Reduces the volatility of grid and increases overall grid resiliency to natural or man-made disasters, such as storms or cyber attacks.
Virginia’s Restrictions on the Development of Distributed Generation
Two investor-owned utilities – Dominion Resources Inc. and American Electric and Power Inc. – dominate the Virginia electricity market with their generation, distribution and transmission of electricity service.
The primary financial vehicle in the U.S. for developing distributed generation is through third-party Power Purchase Agreements (PPA). Twenty-three states in the U.S. allow for third-party ownership of solar projects. Virginia offers a highly restricted PPA program.
In 2013, the Virginia Legislature passed a bill creating the PPA Pilot Program.
Virginia’s PPA Pilot Program:
Limits the Capacity of the solar project to a maximum of (1) Megawatt (AC –alternating current), and a minimum of 50 Kilowatts (AC). The total Pilot Program is capped at 50 Megawatts (AC).
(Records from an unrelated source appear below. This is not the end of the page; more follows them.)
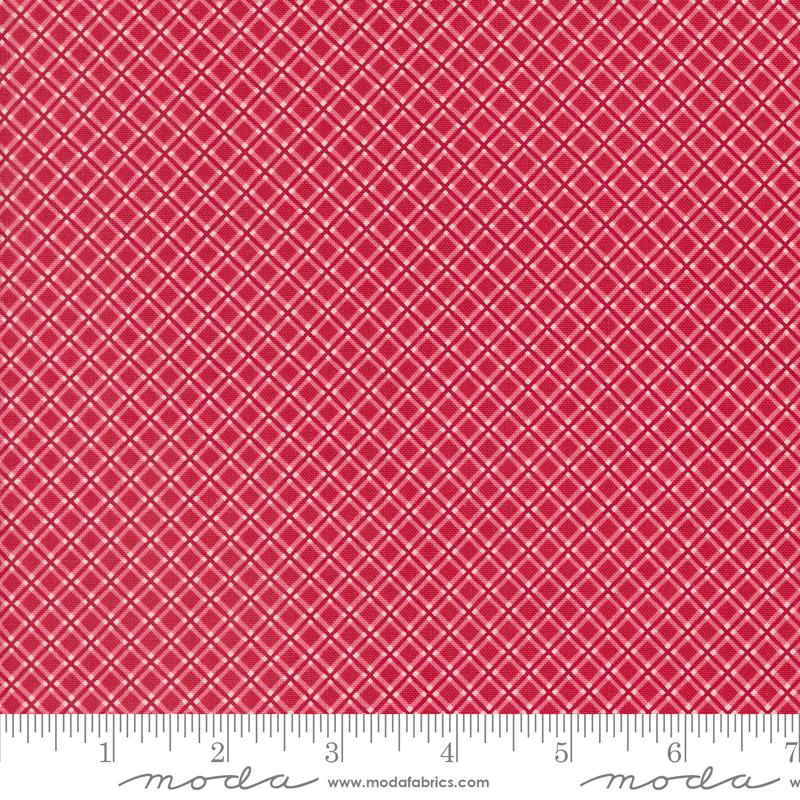 Moda My Summer House Rose Summer Plaid Fabric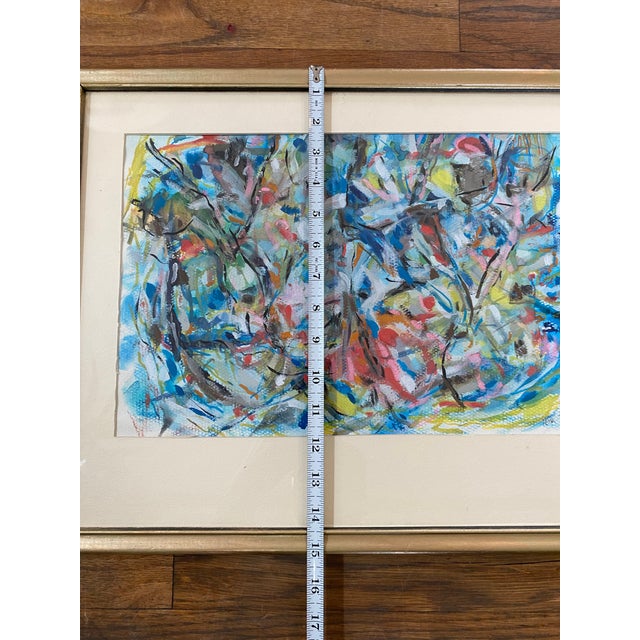 Original Framed Abstract Expressionist Watercolor on Paper by Francisco Peña For Sale In Seattle - Image 6 of 8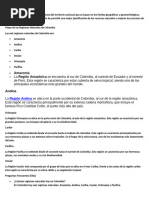 Mapa Regiones Naturales de Colombia | PDF | Colombia | Andes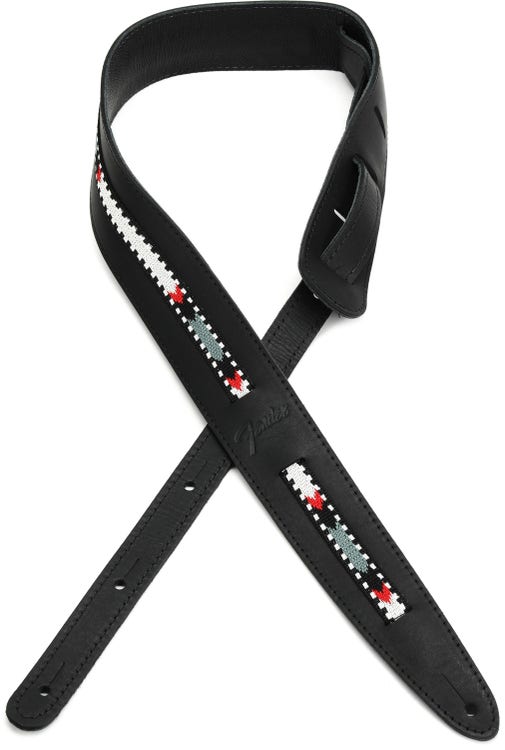 Levy's M17BSS-BLK 2.5 Wide Pull-Up Butter Leather Guitar Strap - Black  Sweetwater Exclusive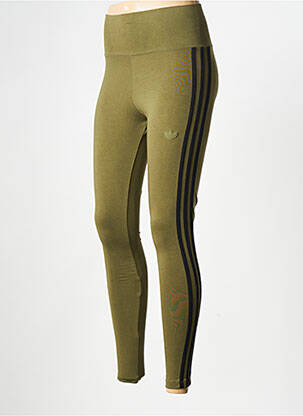 Legingas multisporto sportas kaki ADIDAS moteris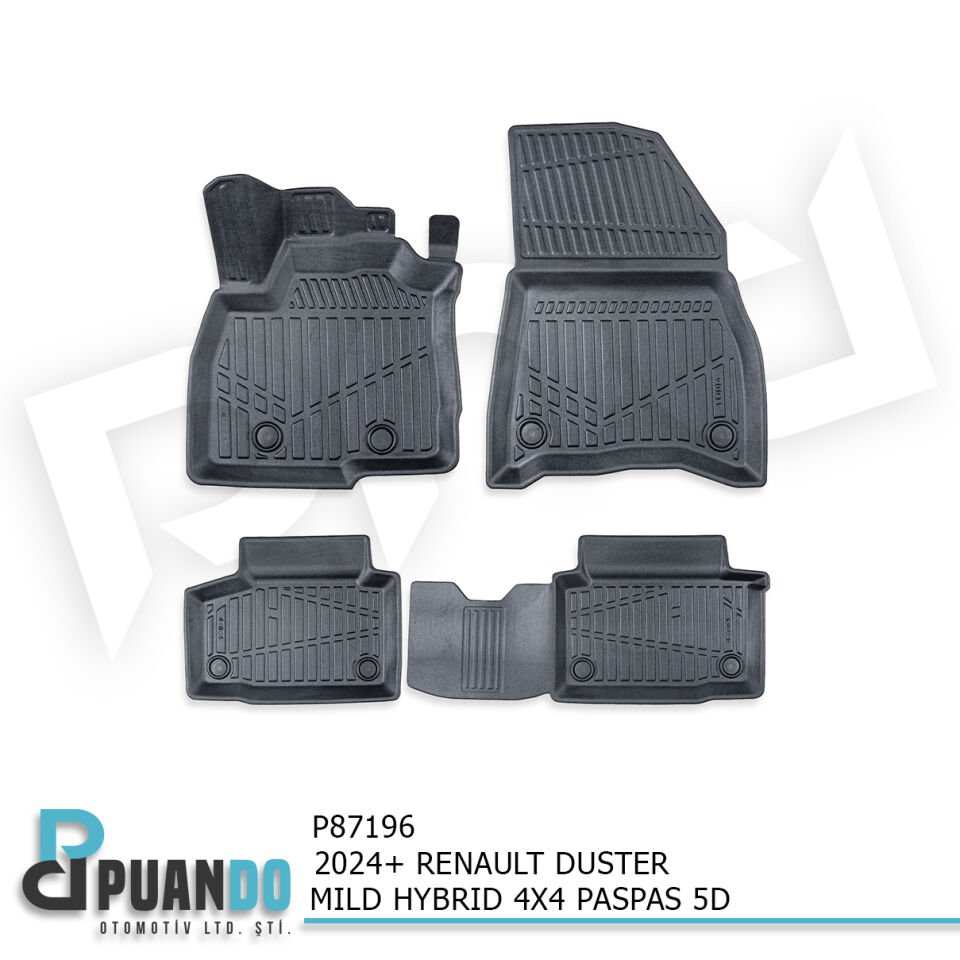 2024+ RENAULT DUSTER MILD HYBRID 4X4 PASPAS 5D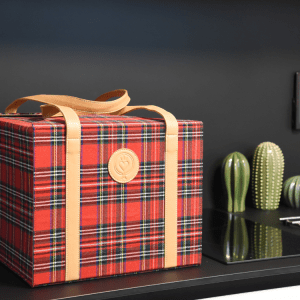 porta torte cakebag rettangolare tartan creabilie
This eliminates large corporate customers and residential customers from utilizing PPAs to meet their economic and environmental goals, and forces arbitrary ceilings on industry.
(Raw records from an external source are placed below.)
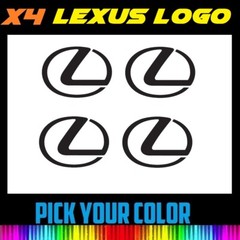 x4 2″ 3″ 4″ 6″ 8″ LEXUS Logo Vinyl Decal Wheel, Car, WINDOW Sticker FREE SHIP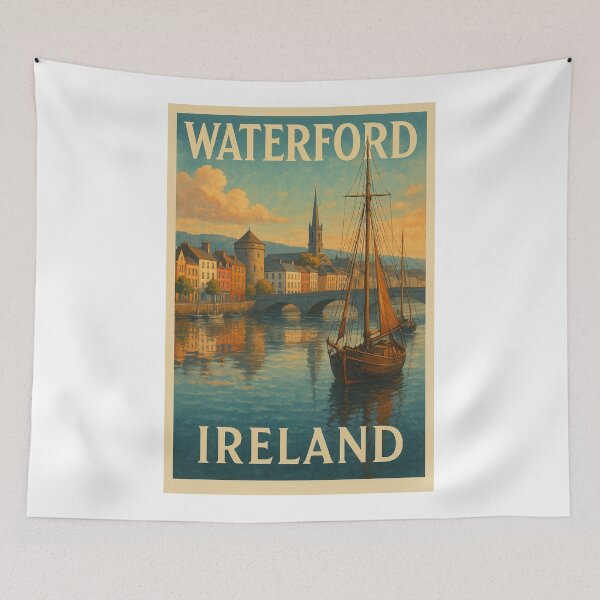 Item preview, Waterford Ireland Medieval Tower and Sailboat designed and sold by Aryabek.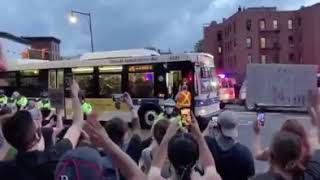 NYPD commandeered a city bus for prisoner transport during a protest—this bus driver stepped off and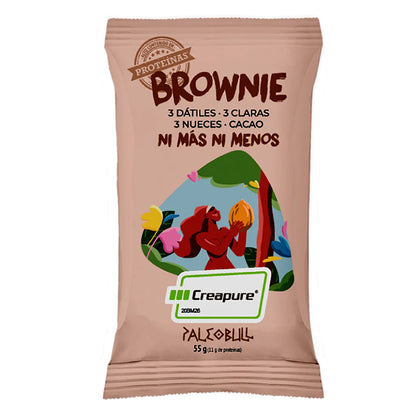 Embalagem de 6 barras de brownie, Paleobull, 55 g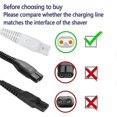 thumbnail image 2 of Shaver Charger compatible Finishing Touch Flawless Body Rechargeable Ladies Shaver Cord 5V Replacement USB Charger Cable Women Trimmer, 2 of 5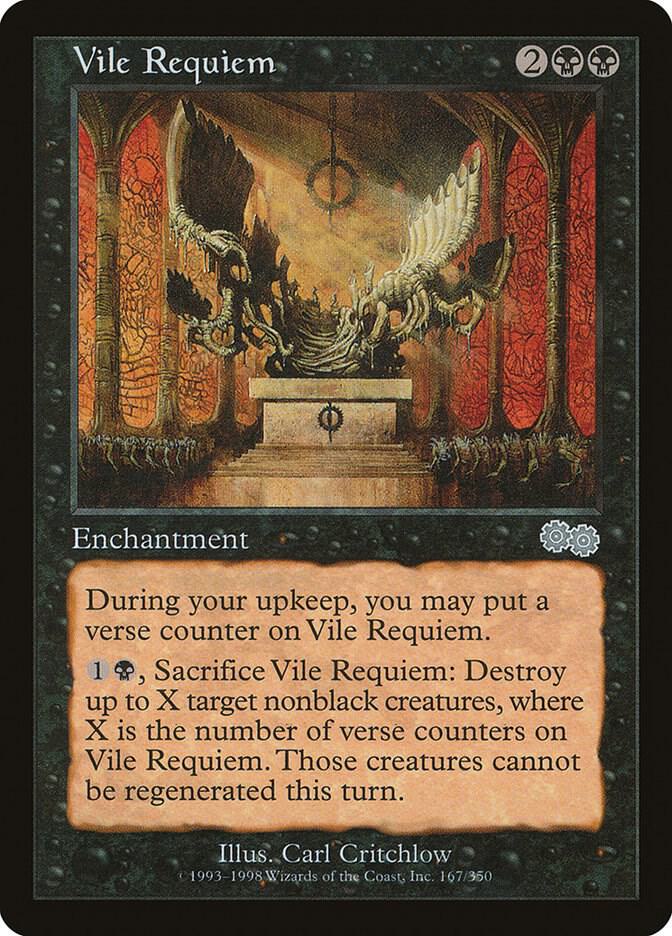 Vile Requiem (167) [Urza's Saga]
Limits the Market Area to the service territory of Dominion Virginia Power, eliminating the ability for customers located in Appalachian Power service territory as well as electric cooperative and municipal cooperative territories from utilizing cost saving measures such as PPAs.
Nationwide, states are taking advantage of the fastest growing industry in the U.S. by supporting policies that recognize the value of solar in expanding the economy, developing new employment opportunities and benefiting consumers. Secure Future’s experience in developing distributed generation projects in Virginia supports these findings.